The environmental community has traditionally advocated letting forests burn, as they did before the arrival of Europeans. But in a state with 39 million residents, many of whom live in close proximity to the fire zone, this is simply unrealistic. Even fires that are far removed from population centers create enormous public health risks. The fire responsible for San Francisco’s red sky at morning, for example, burned in a largely uninhabited area several hundred miles away. Until fuel loads are reduced sufficiently to transition forests back to less intense natural fire regimes, allowing remote fires to burn themselves out is likely to increase the choking smoke that now regularly settles over the state’s densely populated regions.
Meanwhile, conservatives who insist that the timber industry would, but for onerous environmental regulations, take care of the problem are completely out of touch with the state of the industry, the economics of logging California’s forests, and the reality of what is needed for effective long-term fuel reduction. The state’s remnant timber industry does not remotely have the capacity to thin the state’s forests at the necessary scale. Nor would doing so be economical in many forested regions of the state, as the big trees that pay the bills are largely gone. Even where logging is economically viable, removing mature trees is frequently counterproductive, since they tend to be replaced by more flammable undergrowth.
Ultimately, neither carbon caps nor subsidies for solar or wind energy will stop California’s wildfires. Resuscitating the timber industry won’t either. Limiting catastrophic wildfires in California will instead require intensive management of the state’s forests at an unprecedented scale. This will require a new, publicly funded forest management industry dedicated not to the extraction of valuable timber for private profit but rather to the removal of low-value underbrush and immature trees for public benefit.
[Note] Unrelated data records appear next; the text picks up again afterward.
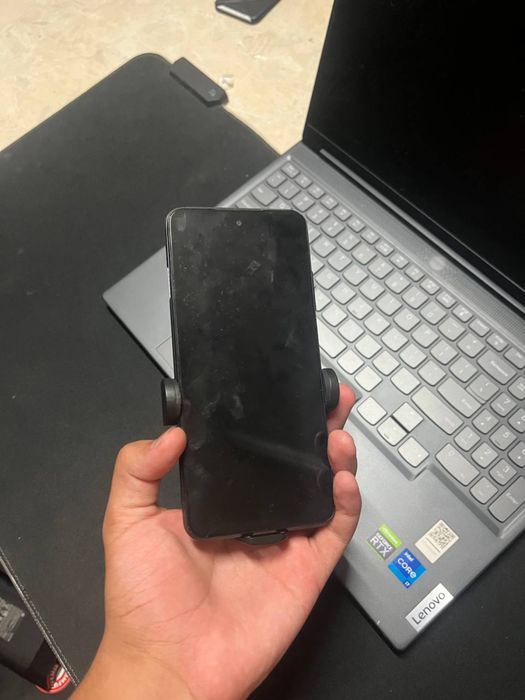 Держатель для телефона Xiaomi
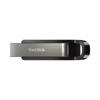 Sandisk 64GB USB 3.2 Cruzer Extreme GO (186563) Pendrive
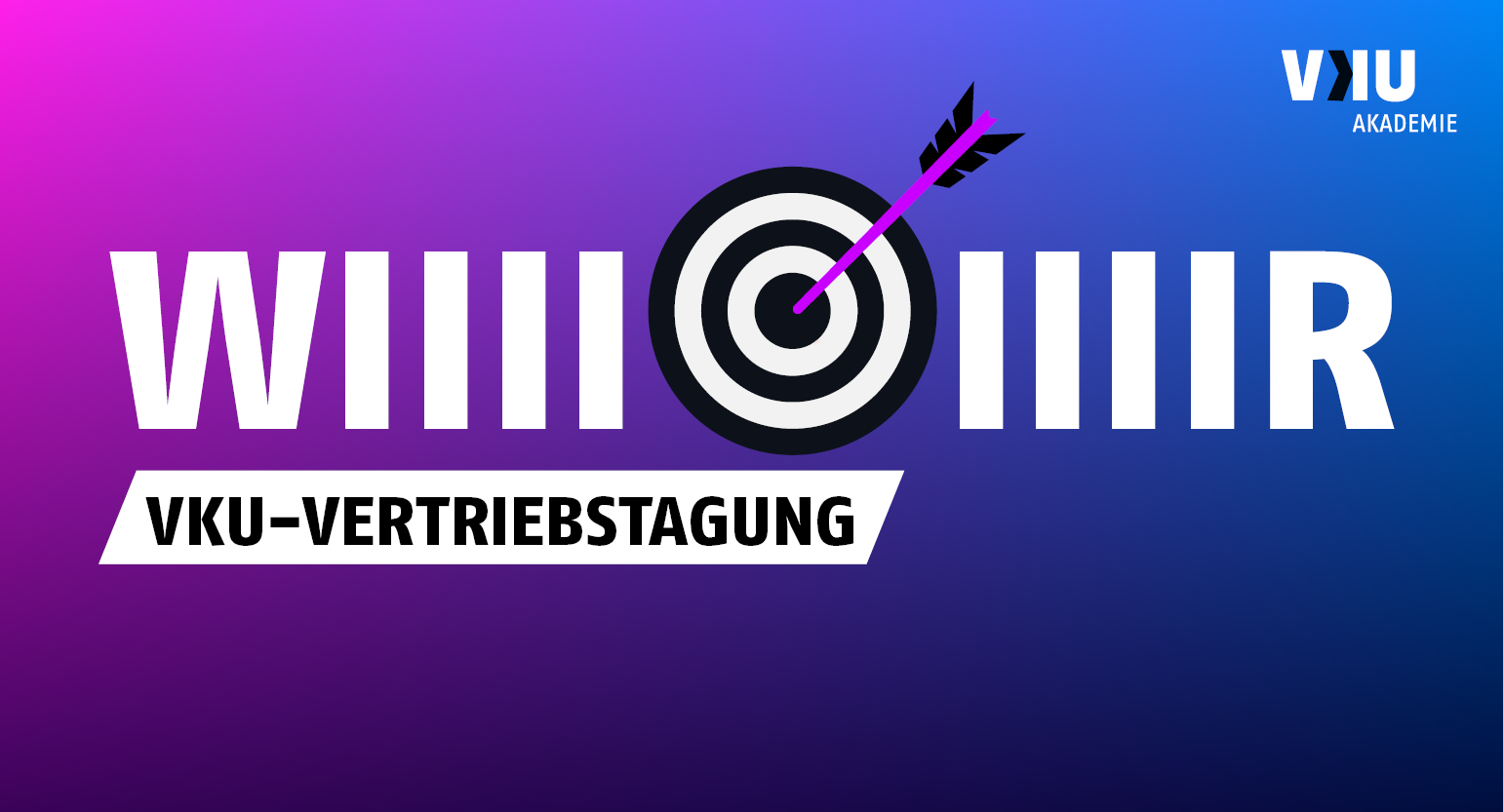 VKU_Vertriebstagung_Header_ohne Datum für Übersicht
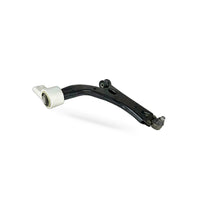 Front Lower Right Control Arm & Ball Joint Suitable for Ford Fiesta WP WQ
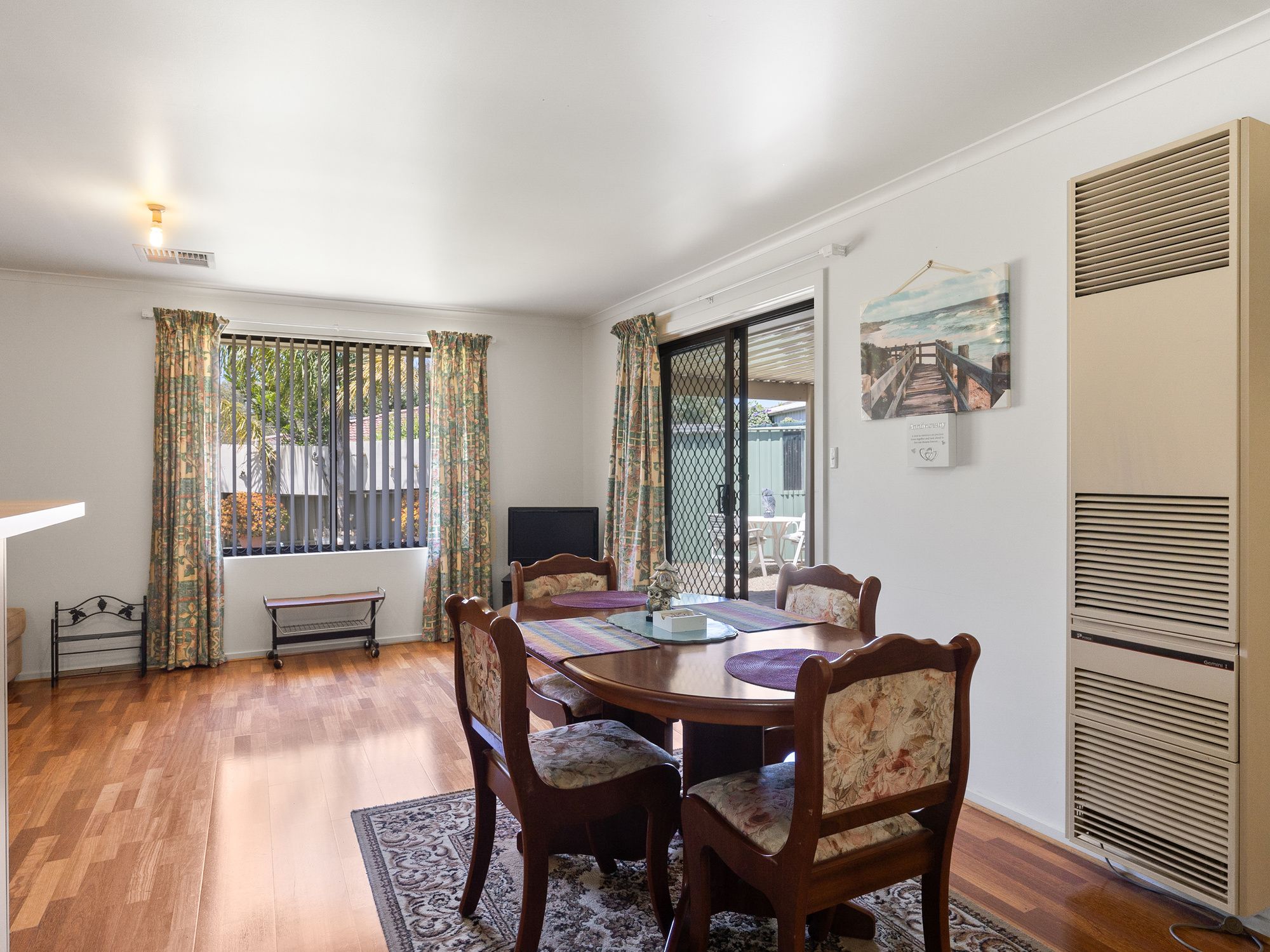 7 Coonawarra Close, Woodcroft SA 5162, Woodcroft - Thumbnail 6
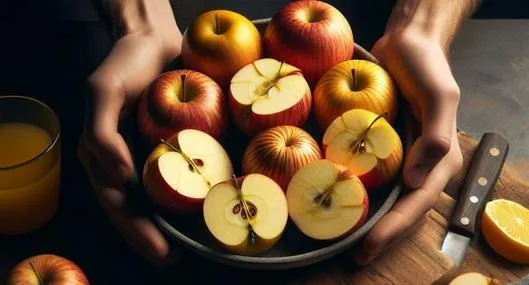 image_desktop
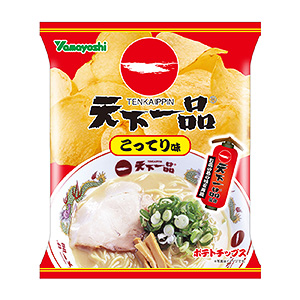 南陽糖果產品創(chuàng)意包裝設計這樣做(圖2) 南陽糖果產品創(chuàng)意包裝設計這樣做(圖2)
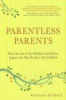 Parentless_parents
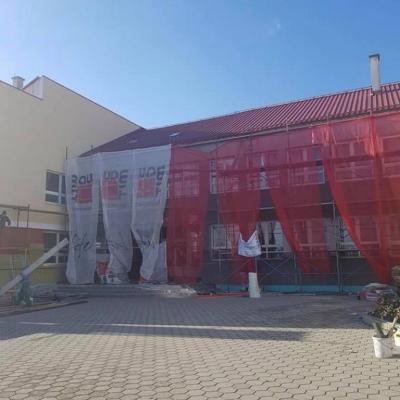 Konstruktpozega Skola Pozega 001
In the rush to find convenient villains, both climate advocates and their opponents avoid harder policy choices. Conservatives insist that forest management, not climate change, is the cause of the problem—but are unwilling to support big spending to actively manage California forests. Environmentalists argue that climate change “changes everything”—but still insist that the solution to climate fueled megafires is to return to the state’s historic fire pattern.
Environmentalists are right that, over the long-term, we need to cut carbon emissions to something close to zero. And conservatives are also right that, without radical changes to both land use and forest management policy, catastrophic wildfires will continue to plague the state. To engage these issues in good faith, protagonists on both sides of the debate will need to follow their arguments through to their logical conclusions rather than refusing to accept any inference that contradicts their ideological priors. To succeed in addressing either climate change or California’s wildfires, we will need to stop debates about climate change from degenerating into a stale culture war rather than imagining that we might win them.
Ted Nordhaus and Alex Trembath are executive director and deputy director, respectively, of the Breakthrough Institute.